The campaign has been coordinated by studio Straight Forward Design and includes four different designs for the multi-coloured sweets, which have gone on sale exclusively at Tesco as in the lead-up to Pride celebrations starting in May.
In 2017 and 2018, Skittles worked with advertising agency Adam&EveDDB on a similar campaign, which saw the brand temporarily become “rainbowless”, stripping its packets and sweets of any colour, in a bid to “give up” its rainbow and show that “only one rainbow matters during Pride”, according to the brand.
The packs received mixed reactions, with some taking to social media to praise the campaign, while critics questioned why Skittles had decided that “whiteness meant equality”.
This year, Skittles has taken a different approach, with Straight Forward Design commissioning four artists, illustrators and designers who identity as LGBTQ+ to create four pack designs.
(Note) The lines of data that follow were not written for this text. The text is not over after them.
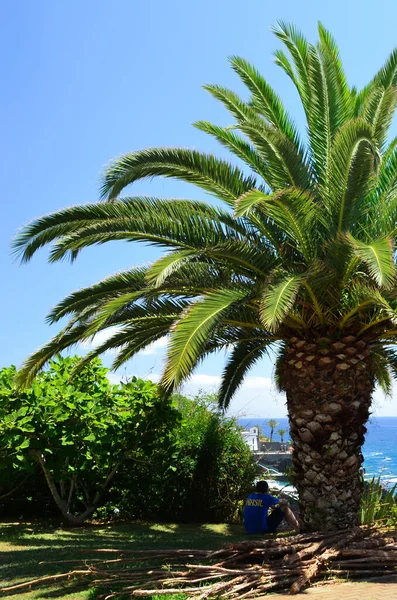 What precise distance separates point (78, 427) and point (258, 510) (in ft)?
12.1

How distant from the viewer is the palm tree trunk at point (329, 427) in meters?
9.51

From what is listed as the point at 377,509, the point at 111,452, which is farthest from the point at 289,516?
the point at 111,452

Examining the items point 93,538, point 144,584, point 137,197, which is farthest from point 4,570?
point 137,197

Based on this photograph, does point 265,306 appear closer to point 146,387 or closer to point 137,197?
point 137,197

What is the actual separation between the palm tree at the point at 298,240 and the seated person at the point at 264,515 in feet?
5.95

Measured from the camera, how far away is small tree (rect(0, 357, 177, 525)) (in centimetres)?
1172

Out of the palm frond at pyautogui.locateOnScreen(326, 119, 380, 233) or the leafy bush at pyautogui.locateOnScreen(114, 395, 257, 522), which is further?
the leafy bush at pyautogui.locateOnScreen(114, 395, 257, 522)

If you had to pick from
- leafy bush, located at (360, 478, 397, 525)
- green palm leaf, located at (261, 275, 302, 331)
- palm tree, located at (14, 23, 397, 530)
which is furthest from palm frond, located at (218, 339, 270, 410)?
green palm leaf, located at (261, 275, 302, 331)

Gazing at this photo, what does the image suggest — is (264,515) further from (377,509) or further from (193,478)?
(193,478)

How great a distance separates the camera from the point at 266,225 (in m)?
9.62

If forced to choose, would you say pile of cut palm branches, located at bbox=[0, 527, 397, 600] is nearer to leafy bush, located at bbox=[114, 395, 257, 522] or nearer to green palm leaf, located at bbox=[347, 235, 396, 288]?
green palm leaf, located at bbox=[347, 235, 396, 288]

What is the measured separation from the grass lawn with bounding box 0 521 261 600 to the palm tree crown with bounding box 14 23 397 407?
2.67 metres

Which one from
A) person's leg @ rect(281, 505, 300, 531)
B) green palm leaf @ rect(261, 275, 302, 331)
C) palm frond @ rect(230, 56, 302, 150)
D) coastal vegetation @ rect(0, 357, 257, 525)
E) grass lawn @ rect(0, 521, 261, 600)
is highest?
palm frond @ rect(230, 56, 302, 150)

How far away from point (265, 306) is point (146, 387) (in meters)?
6.38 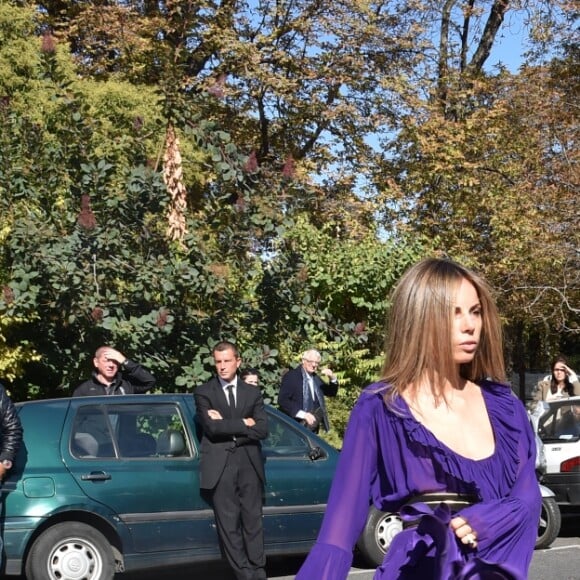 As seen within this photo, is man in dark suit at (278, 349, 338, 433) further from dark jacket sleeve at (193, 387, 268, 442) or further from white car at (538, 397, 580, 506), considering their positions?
dark jacket sleeve at (193, 387, 268, 442)

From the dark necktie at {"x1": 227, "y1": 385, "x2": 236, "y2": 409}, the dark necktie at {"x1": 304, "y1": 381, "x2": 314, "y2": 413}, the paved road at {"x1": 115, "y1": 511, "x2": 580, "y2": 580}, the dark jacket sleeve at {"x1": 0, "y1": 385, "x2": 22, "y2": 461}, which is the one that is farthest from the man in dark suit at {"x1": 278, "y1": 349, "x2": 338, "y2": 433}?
the dark jacket sleeve at {"x1": 0, "y1": 385, "x2": 22, "y2": 461}

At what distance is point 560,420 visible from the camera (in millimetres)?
12945

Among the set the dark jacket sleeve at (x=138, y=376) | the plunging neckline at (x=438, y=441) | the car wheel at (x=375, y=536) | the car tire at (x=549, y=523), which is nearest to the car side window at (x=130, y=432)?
the dark jacket sleeve at (x=138, y=376)

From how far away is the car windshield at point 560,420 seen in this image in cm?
1282

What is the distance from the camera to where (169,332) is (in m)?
11.8

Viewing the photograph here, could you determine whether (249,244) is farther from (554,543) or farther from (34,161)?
(554,543)

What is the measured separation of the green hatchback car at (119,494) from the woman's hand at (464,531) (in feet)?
19.5

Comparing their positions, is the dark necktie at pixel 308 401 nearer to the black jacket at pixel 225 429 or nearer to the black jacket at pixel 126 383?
the black jacket at pixel 126 383

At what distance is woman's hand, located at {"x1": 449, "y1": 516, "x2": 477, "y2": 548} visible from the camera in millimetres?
2729

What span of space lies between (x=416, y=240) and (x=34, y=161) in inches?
226

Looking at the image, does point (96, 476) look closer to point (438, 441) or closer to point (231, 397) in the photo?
point (231, 397)

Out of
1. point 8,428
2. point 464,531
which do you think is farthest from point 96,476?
point 464,531

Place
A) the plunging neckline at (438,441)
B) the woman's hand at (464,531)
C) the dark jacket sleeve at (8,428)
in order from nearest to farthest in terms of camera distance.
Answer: the woman's hand at (464,531)
the plunging neckline at (438,441)
the dark jacket sleeve at (8,428)

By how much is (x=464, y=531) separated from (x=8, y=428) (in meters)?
5.72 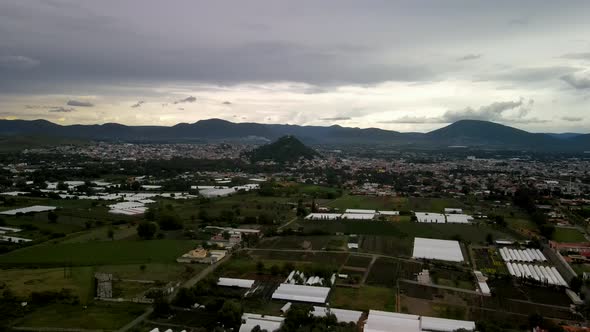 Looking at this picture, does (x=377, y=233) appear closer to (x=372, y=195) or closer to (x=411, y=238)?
(x=411, y=238)

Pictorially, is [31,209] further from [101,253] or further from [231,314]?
[231,314]

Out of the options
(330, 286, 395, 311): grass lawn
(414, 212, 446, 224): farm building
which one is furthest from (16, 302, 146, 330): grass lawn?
(414, 212, 446, 224): farm building

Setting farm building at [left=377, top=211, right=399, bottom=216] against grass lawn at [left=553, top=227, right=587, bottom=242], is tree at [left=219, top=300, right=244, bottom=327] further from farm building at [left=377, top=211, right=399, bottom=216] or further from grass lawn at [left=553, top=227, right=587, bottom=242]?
farm building at [left=377, top=211, right=399, bottom=216]

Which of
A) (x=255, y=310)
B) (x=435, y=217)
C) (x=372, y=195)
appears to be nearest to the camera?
(x=255, y=310)

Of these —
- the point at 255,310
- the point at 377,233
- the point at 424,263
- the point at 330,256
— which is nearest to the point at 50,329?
the point at 255,310

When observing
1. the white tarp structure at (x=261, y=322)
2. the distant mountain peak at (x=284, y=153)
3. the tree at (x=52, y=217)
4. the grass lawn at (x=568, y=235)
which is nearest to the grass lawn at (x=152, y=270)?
the white tarp structure at (x=261, y=322) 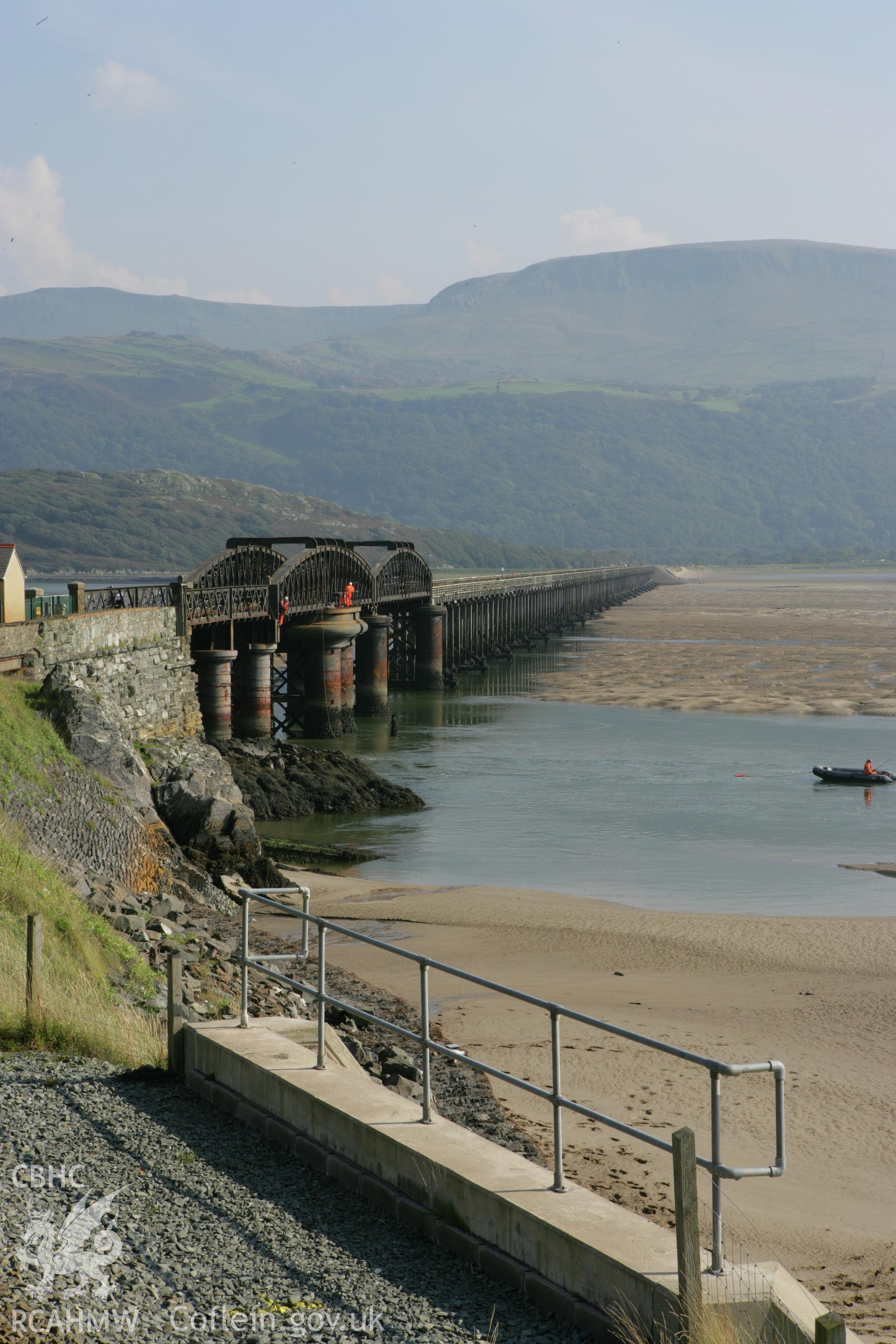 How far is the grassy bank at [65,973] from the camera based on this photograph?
9555 millimetres

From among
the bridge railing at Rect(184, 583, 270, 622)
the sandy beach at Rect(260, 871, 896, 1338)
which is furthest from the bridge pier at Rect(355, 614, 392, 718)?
the sandy beach at Rect(260, 871, 896, 1338)

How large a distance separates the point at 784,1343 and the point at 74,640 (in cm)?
2248

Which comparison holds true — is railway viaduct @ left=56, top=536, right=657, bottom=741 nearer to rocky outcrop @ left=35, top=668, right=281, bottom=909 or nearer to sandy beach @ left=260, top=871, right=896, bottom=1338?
rocky outcrop @ left=35, top=668, right=281, bottom=909

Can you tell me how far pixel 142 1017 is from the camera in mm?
10852

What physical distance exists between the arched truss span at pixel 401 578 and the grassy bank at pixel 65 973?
123 ft

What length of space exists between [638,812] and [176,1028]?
76.2ft

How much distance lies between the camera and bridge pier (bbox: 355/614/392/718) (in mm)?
50594

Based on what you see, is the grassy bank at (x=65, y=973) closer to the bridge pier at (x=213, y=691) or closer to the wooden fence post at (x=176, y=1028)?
the wooden fence post at (x=176, y=1028)

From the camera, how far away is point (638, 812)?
3134 centimetres

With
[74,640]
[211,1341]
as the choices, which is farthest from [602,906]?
[211,1341]

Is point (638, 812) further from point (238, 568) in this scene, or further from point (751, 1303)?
point (751, 1303)

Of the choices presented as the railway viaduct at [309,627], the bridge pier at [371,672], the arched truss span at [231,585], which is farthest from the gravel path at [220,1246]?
the bridge pier at [371,672]

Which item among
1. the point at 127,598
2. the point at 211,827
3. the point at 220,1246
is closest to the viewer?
the point at 220,1246

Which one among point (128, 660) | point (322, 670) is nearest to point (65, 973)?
point (128, 660) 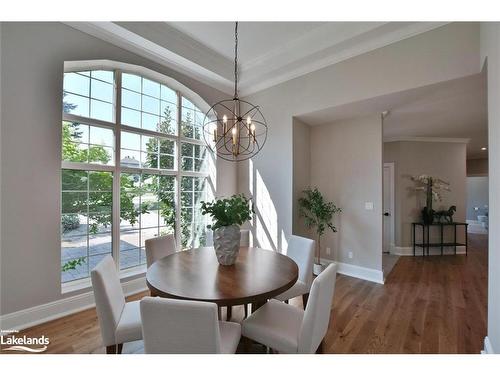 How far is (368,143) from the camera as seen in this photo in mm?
3480

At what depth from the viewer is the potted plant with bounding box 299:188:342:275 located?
3541 mm

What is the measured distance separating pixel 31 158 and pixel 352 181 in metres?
4.03

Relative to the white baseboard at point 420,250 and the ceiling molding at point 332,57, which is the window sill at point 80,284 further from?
the white baseboard at point 420,250

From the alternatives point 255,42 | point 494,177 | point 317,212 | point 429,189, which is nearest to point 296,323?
point 494,177

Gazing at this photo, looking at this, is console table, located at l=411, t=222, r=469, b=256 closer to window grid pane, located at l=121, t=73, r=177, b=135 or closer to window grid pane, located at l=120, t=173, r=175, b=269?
window grid pane, located at l=120, t=173, r=175, b=269

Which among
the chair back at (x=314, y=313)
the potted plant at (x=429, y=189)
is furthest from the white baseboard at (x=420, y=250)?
the chair back at (x=314, y=313)

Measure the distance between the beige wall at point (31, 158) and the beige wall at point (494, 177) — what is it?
3.76 metres

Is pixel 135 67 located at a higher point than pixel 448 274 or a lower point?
higher

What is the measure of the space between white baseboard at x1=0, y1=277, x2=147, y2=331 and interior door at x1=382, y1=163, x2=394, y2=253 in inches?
218

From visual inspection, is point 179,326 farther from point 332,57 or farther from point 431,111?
point 431,111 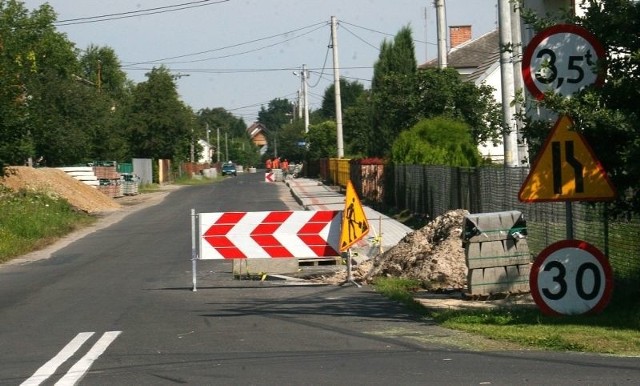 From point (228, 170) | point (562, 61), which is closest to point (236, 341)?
point (562, 61)

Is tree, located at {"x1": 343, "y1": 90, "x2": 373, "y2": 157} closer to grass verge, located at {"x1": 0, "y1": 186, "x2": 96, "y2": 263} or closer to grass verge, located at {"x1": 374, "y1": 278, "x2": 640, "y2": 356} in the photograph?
grass verge, located at {"x1": 0, "y1": 186, "x2": 96, "y2": 263}

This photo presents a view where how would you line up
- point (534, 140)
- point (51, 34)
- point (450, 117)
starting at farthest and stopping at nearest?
point (51, 34), point (450, 117), point (534, 140)

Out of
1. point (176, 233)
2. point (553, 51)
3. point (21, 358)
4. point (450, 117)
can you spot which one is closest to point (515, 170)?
point (553, 51)

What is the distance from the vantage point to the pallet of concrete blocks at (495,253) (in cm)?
1337

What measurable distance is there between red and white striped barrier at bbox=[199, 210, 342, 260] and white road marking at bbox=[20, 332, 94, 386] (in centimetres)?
512

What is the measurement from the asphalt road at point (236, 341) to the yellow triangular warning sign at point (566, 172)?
62.2 inches

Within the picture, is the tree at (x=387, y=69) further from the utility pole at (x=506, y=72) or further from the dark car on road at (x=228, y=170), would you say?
the dark car on road at (x=228, y=170)

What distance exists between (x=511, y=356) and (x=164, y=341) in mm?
3411

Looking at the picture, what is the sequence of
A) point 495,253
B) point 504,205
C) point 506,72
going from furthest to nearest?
point 506,72, point 504,205, point 495,253

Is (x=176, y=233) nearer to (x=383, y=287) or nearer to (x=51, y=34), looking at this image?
(x=383, y=287)

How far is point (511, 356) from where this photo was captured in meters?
9.09

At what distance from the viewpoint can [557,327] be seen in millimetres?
10195

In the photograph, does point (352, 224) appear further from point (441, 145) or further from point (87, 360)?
point (441, 145)

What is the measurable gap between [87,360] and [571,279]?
15.3ft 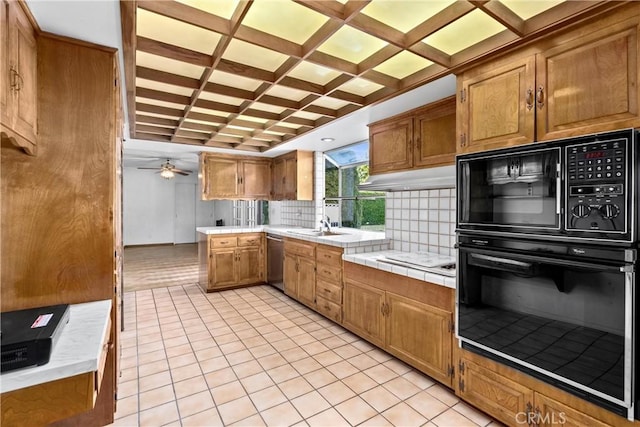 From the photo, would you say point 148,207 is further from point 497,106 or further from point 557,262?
point 557,262

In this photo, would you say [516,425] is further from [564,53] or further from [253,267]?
[253,267]

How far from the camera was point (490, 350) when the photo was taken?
5.93 ft

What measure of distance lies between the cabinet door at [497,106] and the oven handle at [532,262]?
63 cm

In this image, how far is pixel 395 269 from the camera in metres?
2.47

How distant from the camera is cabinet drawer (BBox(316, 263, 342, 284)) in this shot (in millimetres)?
3264

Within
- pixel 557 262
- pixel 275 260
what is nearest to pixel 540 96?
pixel 557 262

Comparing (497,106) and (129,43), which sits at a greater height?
(129,43)

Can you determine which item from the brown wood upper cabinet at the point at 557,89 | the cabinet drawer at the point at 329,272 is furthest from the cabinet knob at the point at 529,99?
the cabinet drawer at the point at 329,272

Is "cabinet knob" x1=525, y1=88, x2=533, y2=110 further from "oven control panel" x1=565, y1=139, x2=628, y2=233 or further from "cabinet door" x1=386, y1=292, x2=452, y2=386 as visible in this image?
"cabinet door" x1=386, y1=292, x2=452, y2=386

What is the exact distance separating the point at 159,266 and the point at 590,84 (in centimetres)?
707

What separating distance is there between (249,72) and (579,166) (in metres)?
2.06

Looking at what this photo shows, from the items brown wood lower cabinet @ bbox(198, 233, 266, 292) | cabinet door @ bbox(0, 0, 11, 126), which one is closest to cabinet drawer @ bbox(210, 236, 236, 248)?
brown wood lower cabinet @ bbox(198, 233, 266, 292)

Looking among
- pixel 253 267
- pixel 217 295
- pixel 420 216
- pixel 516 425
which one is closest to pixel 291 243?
pixel 253 267

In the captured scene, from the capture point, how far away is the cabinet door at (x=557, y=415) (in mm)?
1458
The idea is to “directly involve the LGBTQ+ community”, says Mike Foster, co-founder at Straight Forward Design. The four contributors include artist Thomas Wolski, graphic designer Kate Moross, illustrator Maia Boakye and artist and filmmaker Fox Fisher. They were briefed with creating an image to demonstrate what the Pride flag meant to them personally.
The designs have been applied to large Skittle pouch packs, with Straight Forward Design creating a base, black-and-white design for the artists to work on. The skeleton design leaves the bottom two thirds of front-of-pack free for exploration, with the Skittles logo and rainbow symbol featuring at the top. This also allows space for future artist collaborations in the future, says the studio.
Wolski has retained the monochrome palette of the base design and used pen to draw an intricate scene of different symbols, items and memorabilia, including hearts, musical instruments, and ornate patterns. The other three artists have opted for multicolour.
Moross has created hers digitally, reinterpreting Pride’s rainbow flag and incorporating other symbols such as the international peace sign, a sun, raindrops and rainbows, while Boakye has created a digital illustration of colourful people, who are entwined in different poses.
Fisher has opted for abstract, line-drawn creatures, which resemble birds, dogs, cats, rabbits and some unidentifiable animals, which he has hand-drawn on a digital tablet.
Foster says: “There was something very uplifting and exciting about handing over the design of the packs to artists from the LGBTQ+ community.”
Dan Newell, portfolio director at Mars, which owns Skittles, says that the new Pride campaign aims to “reflect the voice and vibrancy” of the LGBTQ+ community.
The four limited edition packs are available to buy now from Tesco. An accompanying advertising campaign has been designed by Adam&EveDDB, which will run across social media and the Pride in London official parade float.
London Pride takes place 6 July, while Brighton Pride runs 2-4 August. Pride events run across the UK from May to September.
*LGBTQ+ stands for lesbian, gay, bisexual, transgender, queer and others.